Oleh: Drs. H. Yusron Hadi, M.M.
Kepala SMP Negeri 1 Balongbendo, Sidoarjo

      Dikisahkan, seorang Badui telah memeluk Islam. Sudah mengikrarkan “Dua Kalimat Syahadat”. Saya bersaksi tidak ada tuhan selain Allah. Saya bersaksi Nabi Muhammad utusan Allah. Mengikuti jejak kepala sukunya.
     Si Badui masuk Islam. Hasil dakwah para pemimpinnya. Dia belajar cara beribadah agama Islam dari tokoh kabilahnya. Dia tergolong “ekonomi lemah”. Tidak pintar. Belum pernah bepergian ke luar dari “desa”nya. Dia orang “ndeso”. Tempat tinggalnya terpencil dan “adoh kawat”.

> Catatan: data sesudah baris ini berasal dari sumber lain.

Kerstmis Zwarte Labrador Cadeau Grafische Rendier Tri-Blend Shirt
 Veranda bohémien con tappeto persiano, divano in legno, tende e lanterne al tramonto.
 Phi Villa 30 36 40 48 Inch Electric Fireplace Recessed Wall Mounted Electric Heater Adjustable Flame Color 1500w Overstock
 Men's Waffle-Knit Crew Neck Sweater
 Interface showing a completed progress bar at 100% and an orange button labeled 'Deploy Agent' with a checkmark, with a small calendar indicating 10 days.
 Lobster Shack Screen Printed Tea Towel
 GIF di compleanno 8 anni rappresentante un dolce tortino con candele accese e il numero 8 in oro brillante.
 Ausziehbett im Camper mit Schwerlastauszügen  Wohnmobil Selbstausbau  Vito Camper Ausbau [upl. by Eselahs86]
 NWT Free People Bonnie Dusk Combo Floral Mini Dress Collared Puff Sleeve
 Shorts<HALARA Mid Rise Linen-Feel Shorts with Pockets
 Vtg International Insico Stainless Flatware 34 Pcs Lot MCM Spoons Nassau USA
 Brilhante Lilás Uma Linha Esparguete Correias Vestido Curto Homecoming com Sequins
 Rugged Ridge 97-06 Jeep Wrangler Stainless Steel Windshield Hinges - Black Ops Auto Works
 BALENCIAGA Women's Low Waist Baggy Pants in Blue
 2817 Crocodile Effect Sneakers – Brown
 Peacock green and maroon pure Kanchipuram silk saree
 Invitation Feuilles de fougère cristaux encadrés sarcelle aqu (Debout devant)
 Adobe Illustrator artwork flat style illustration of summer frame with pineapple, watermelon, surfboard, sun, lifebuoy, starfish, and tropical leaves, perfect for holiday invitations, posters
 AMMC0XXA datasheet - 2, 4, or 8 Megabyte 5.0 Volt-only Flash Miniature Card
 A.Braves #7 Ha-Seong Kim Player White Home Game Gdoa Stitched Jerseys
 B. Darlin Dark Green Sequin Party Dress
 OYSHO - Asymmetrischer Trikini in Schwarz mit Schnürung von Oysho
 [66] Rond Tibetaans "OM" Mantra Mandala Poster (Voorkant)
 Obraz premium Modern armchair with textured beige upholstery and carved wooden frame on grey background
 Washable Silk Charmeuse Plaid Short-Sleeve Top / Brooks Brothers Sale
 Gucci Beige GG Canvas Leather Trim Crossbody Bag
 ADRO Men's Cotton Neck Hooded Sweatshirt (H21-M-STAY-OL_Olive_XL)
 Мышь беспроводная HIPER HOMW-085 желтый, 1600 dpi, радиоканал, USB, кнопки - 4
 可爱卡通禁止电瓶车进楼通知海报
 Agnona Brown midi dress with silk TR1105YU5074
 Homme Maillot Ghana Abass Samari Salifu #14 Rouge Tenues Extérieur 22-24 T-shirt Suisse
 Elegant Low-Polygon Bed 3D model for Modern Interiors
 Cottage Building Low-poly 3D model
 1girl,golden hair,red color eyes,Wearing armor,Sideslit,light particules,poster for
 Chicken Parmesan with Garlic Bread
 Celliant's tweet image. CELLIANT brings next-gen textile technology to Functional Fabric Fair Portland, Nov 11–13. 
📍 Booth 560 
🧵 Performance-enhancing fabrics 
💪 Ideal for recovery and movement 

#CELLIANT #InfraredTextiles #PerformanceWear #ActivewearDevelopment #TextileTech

     Si Badui belum pernah ke Madinah. Belum pernah bertemu dengan Nabi. tidak mengenal wajah Nabi. Tetapi, dengan segala keterbatasanya. Dia sudah menjadi seorang  mukmin “yang baik”. Dia amat  mencintai Nabi Muhammad.
       Rombongan kabilah pergi ke Mekah. Melaksanakan ibadah umrah. Si Badui ikut dalam rombongan. Rombongan melasanakan tawaf. Berkeliling Kakbah. Sebanyak tujuh kali. Berjalan kaki berlawanan arah jarum jam. Si Badui selalu “mengintil”. Mengikuti di belakang rombongannya.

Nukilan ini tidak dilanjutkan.